Contemplare il cielo, specie quello notturno, ha condotto gli uomini a un «senso spirituale» della vita, in qualche modo a prendere consapevolezza di un oltre sé che circonda, precede e supera. Il cielo è da sempre questo simbolo dell’oltre che fa sentire al centro l’uomo, ma gli ricorda anche la sua caducità in confronto all’eternità e l’ordine di cui è visibilmente portatore. Questo profondo «fascino», che il cielo trasuda specie la notte, ha fatto nascere, in ogni latitudine ed epoca, una grande quantità di miti e di riti. […] Le prime stelle compaiono nell’universo 200-500 milioni di anni dopo il big bang. In questo periodo di tempo l’universo ha conosciuto varie transizioni che he hanno cambiato la connotazione: da un universo di energia a un universo dominato dalla materia (apparentemente!). L’universo «raffreddandosi» ed espandendosi si è via via organizzato prima in «proto stelle» (stelle molto più massicce delle attuali) e poi con la formazione delle prime galassie. Qui, almeno in uno di questi agglomerati di stelle, è nata la vita (come noi la conosciamo), con tutti gli elementi chimici necessari a sostenerla, fabbricati proprio all’interno delle stelle. […] La precarietà dell’universo è simbolo della precarietà della nostra vita che non è custodita principalmente da noi stessi ma da un Altro che l’ha iniziata e la porta a compimento. In questa precarietà troviamo, in realtà, la nostra più originale qualità: quella di essere delle creature amate, senza alcun merito, senza altre finalità se non quella dell’amore. In questa nostra apparente insignificanza troviamo la cura di un Dio che ci ha preparato e offerto un giardino da coltivare e custodire e nel quale è possibile passeggiare con Lui e condividerne l’amicizia. La gloria di Dio non sta semplicemente nella bella creazione ma nel fare della più piccola cosa un gioiello irripetibile da rispettare e amare: questo è l’uomo! (Luca Corona – da un intervento della terza area: Toccare il creato)

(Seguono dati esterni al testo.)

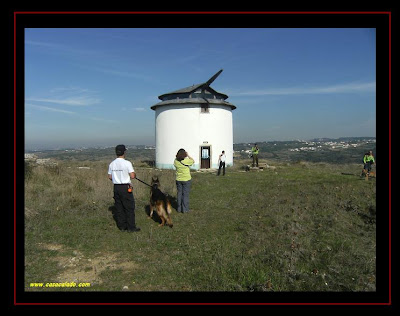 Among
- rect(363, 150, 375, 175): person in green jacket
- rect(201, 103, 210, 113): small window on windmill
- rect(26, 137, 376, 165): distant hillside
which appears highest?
rect(201, 103, 210, 113): small window on windmill

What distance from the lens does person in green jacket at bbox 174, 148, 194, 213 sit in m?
8.04

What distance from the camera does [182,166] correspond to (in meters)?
8.05

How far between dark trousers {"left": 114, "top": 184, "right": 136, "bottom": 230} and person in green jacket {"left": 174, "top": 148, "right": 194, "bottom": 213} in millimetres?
2082

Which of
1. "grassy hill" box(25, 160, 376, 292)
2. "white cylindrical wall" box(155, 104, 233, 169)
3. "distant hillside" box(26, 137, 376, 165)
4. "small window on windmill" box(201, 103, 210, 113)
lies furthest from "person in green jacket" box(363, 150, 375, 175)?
"small window on windmill" box(201, 103, 210, 113)

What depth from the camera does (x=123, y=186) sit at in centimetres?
624

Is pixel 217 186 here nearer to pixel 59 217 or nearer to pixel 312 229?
pixel 312 229

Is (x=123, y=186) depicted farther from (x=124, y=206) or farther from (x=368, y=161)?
(x=368, y=161)

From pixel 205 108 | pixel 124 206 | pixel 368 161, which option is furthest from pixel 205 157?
pixel 124 206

L’Amore è un’esperienza di bellezza, è un anelito che pervade tutta l’esistenza. Abita ogni interstizio della nostra storia. Siamo fatti per amare e per essere amati. Quando questo manca la vita vorrebbe abdicare al suo ruolo e fuggire. È magnifico l’amore anche in quei momenti in cui il dolore sembra essere l’unico suo volto. È lancinante l’abbandono, la perdita, la delusione, il tradimento, lo sfruttamento. È esaltante, invece, l’abbraccio, lo sguardo di cura, la carezza della misericordia, l’essere attesi e cercati. Il possesso è il deserto in cui l’amore muore. La libertà il grembo che lo genera continuamente. Amare è un’arte che richiede cura, custodia, dedizione. È un dipinto che rimanda a qualcosa di eterno. Qui solo qualche pennellata, alcuni squarci nella speranza di rinvigorire gli aneliti dell’amore che gemono in noi per poterne custodire e donare la bellezza. (Igino Biffi – da un intervento della quarta area: Il gusto dell’incontro)

Ogni persona partecipa alla bellezza universale e fa parte della stessa bellezza. All’insegnante è chiesto di diventare artigiano di bellezza, saper capacitare i propri studenti per poter abbracciare l’intra-scuola e l’extra-scuola in un unico contesto di sviluppo umano.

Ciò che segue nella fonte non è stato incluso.